# Your task
In the material below, find the line with "Land, Uonuma, Niigata"; set down that line and every line after it to the end, exactly, without pictures.

# Data in this exercise

#####

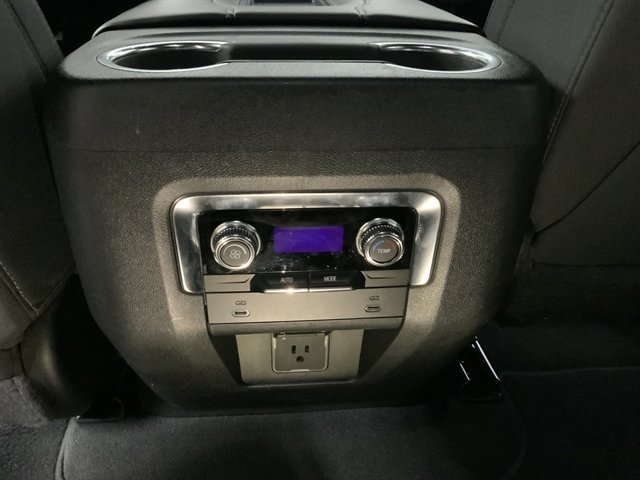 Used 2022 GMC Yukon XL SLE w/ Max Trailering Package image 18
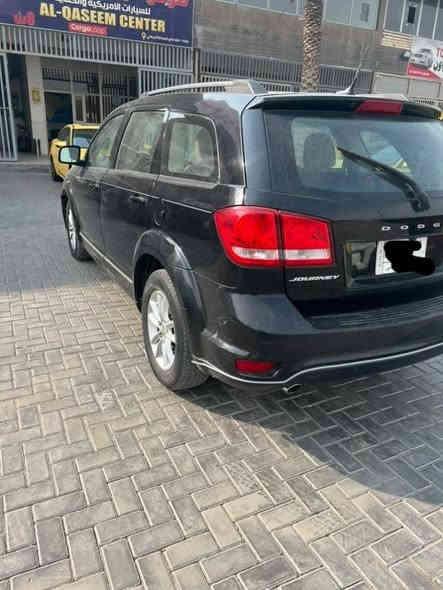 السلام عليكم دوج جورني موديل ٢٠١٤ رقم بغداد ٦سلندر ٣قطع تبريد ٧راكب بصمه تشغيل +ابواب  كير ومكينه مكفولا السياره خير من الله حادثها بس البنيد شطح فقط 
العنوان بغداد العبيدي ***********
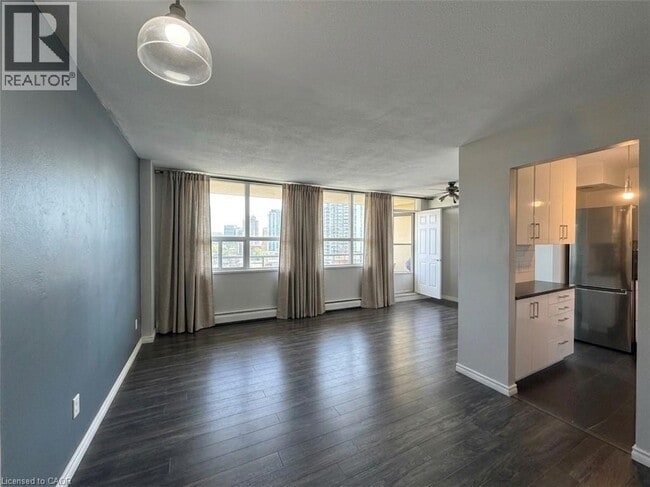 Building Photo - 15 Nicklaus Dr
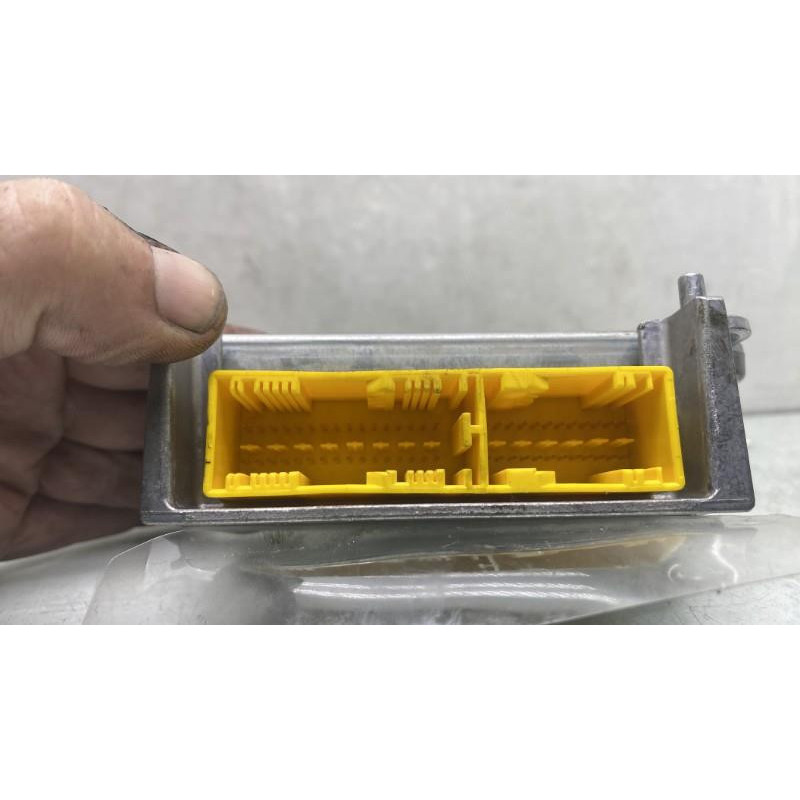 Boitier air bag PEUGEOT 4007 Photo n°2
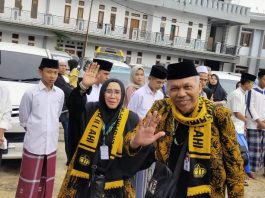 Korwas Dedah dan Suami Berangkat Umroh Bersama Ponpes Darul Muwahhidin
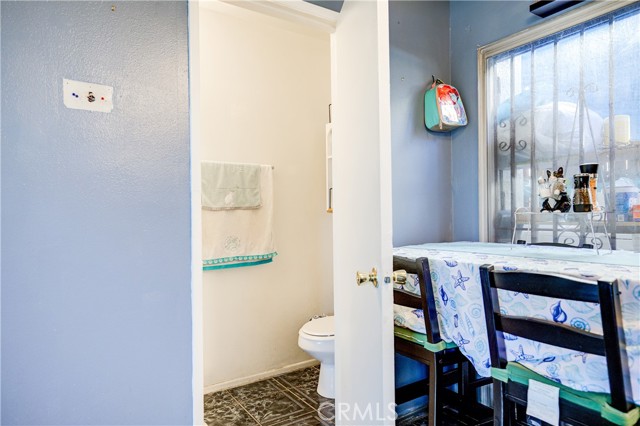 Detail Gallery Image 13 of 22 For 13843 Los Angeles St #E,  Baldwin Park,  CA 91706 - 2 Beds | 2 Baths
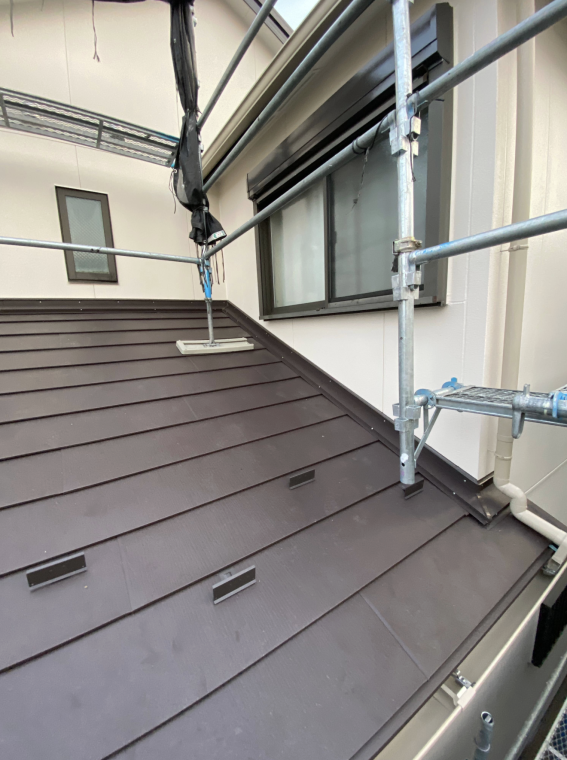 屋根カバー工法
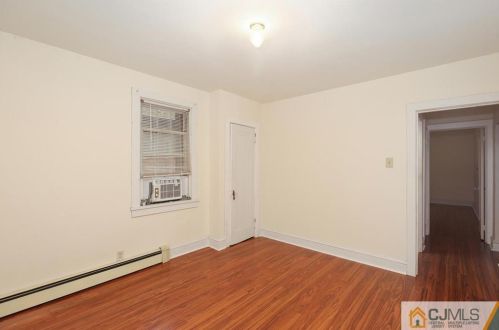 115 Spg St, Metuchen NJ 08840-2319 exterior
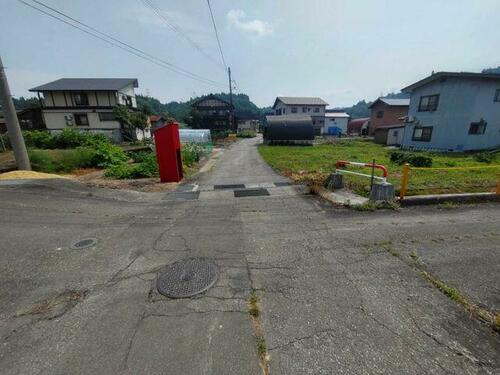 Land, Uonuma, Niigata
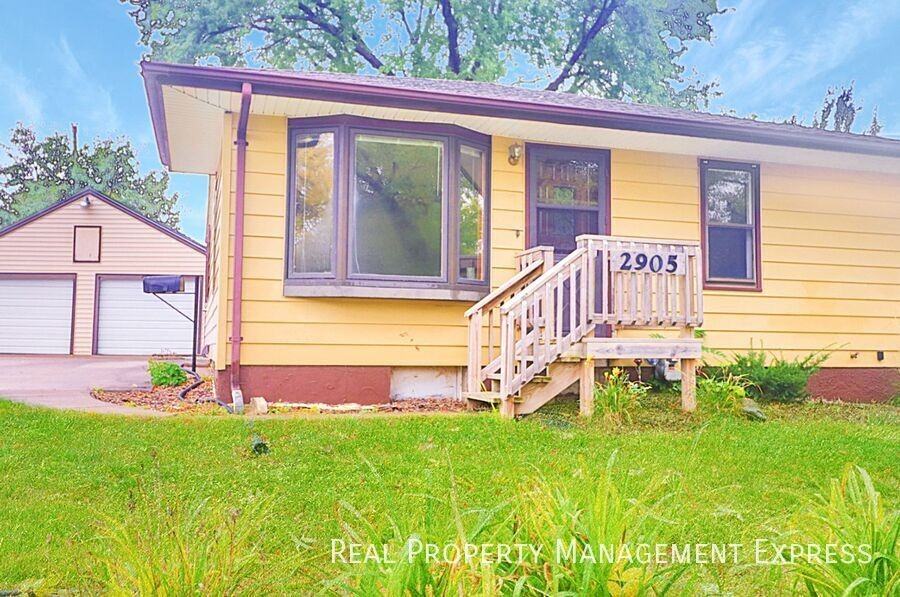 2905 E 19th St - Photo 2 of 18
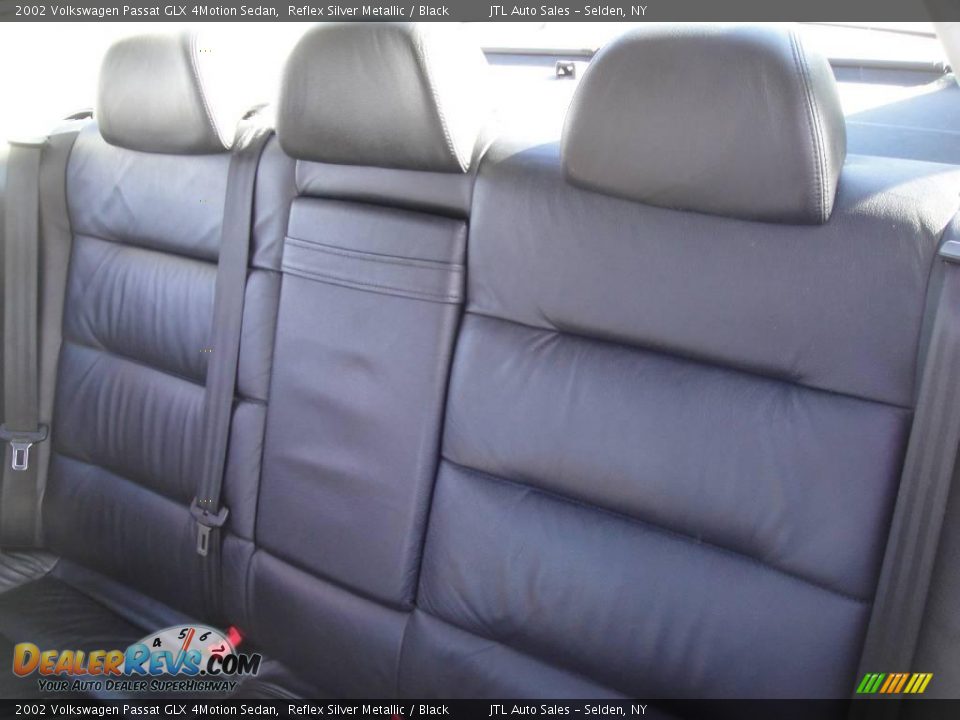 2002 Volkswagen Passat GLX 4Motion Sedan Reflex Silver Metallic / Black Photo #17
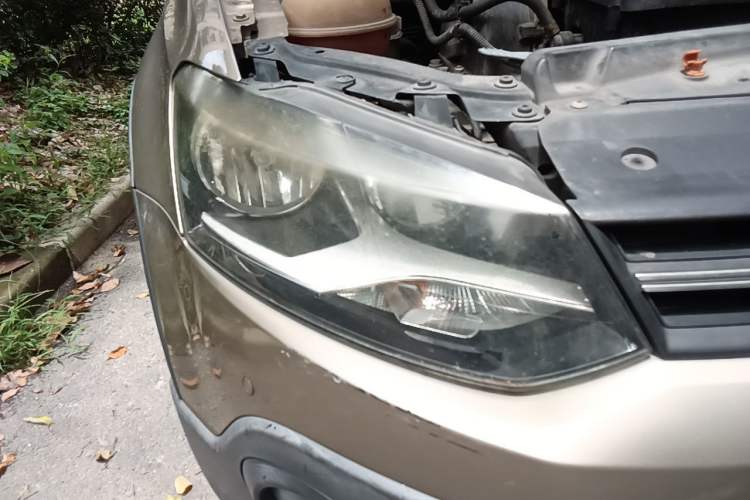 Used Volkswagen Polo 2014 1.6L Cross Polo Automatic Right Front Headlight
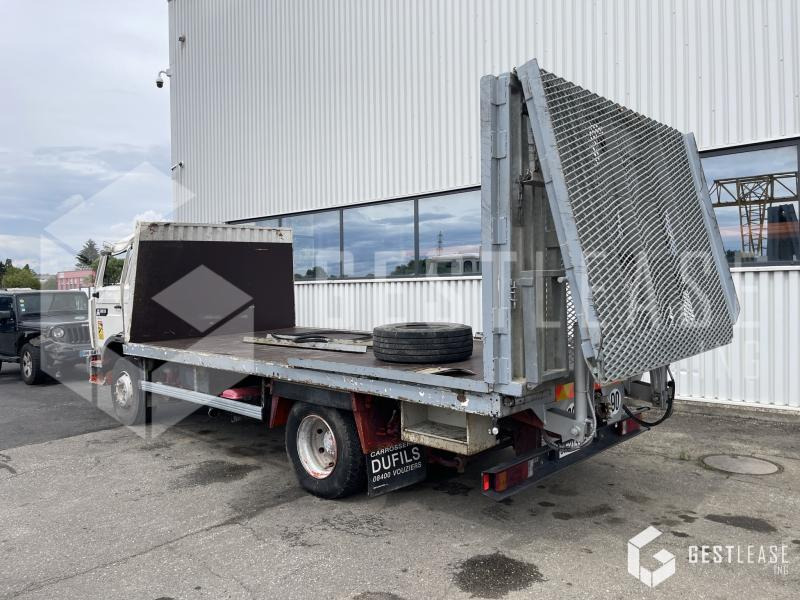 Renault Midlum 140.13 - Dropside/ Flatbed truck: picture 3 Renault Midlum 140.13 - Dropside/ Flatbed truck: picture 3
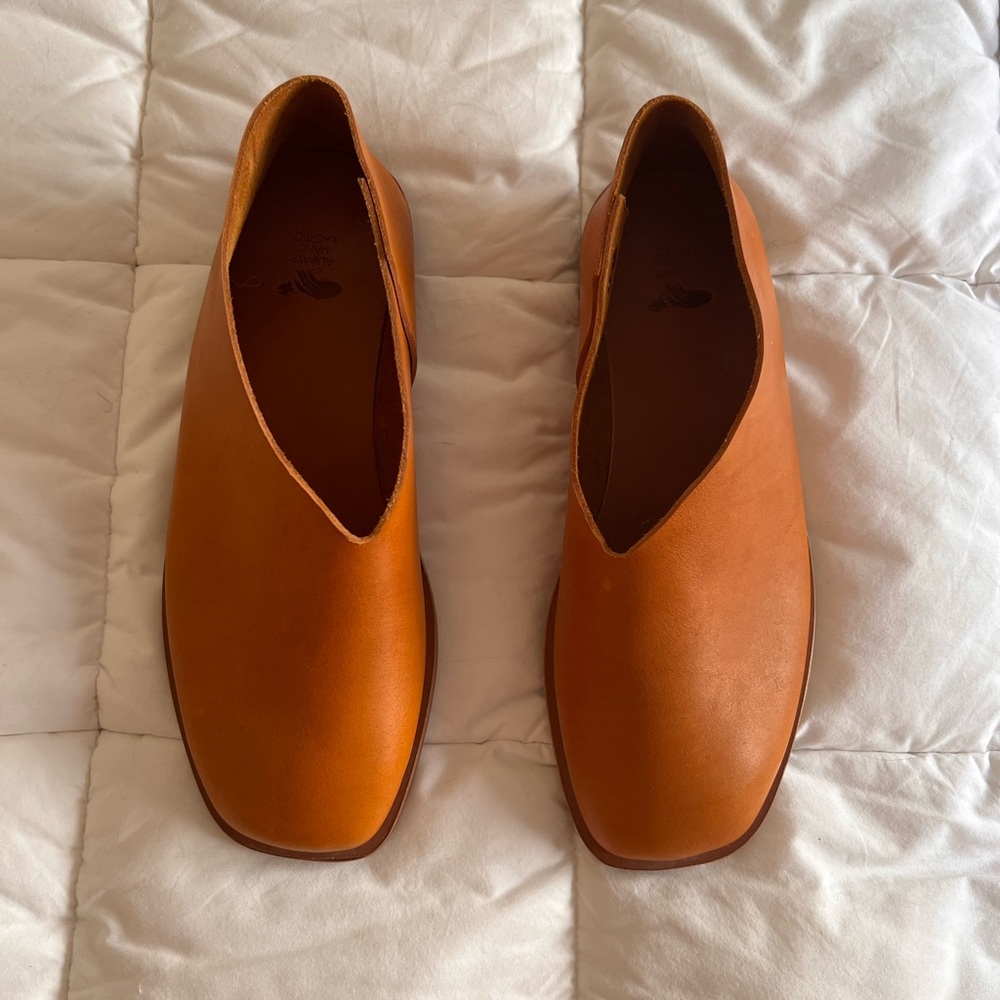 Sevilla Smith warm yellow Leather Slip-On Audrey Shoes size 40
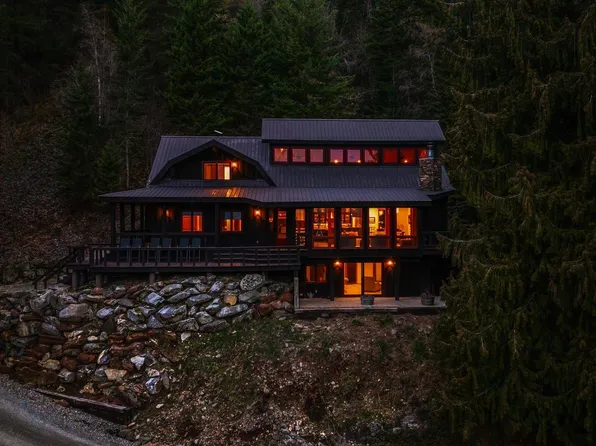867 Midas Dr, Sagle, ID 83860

#####

# Response to this task
 Land, Uonuma, Niigata
 2905 E 19th St - Photo 2 of 18
 2002 Volkswagen Passat GLX 4Motion Sedan Reflex Silver Metallic / Black Photo #17
 Used Volkswagen Polo 2014 1.6L Cross Polo Automatic Right Front Headlight
 Renault Midlum 140.13 - Dropside/ Flatbed truck: picture 3 Renault Midlum 140.13 - Dropside/ Flatbed truck: picture 3
 Sevilla Smith warm yellow Leather Slip-On Audrey Shoes size 40
867 Midas Dr, Sagle, ID 83860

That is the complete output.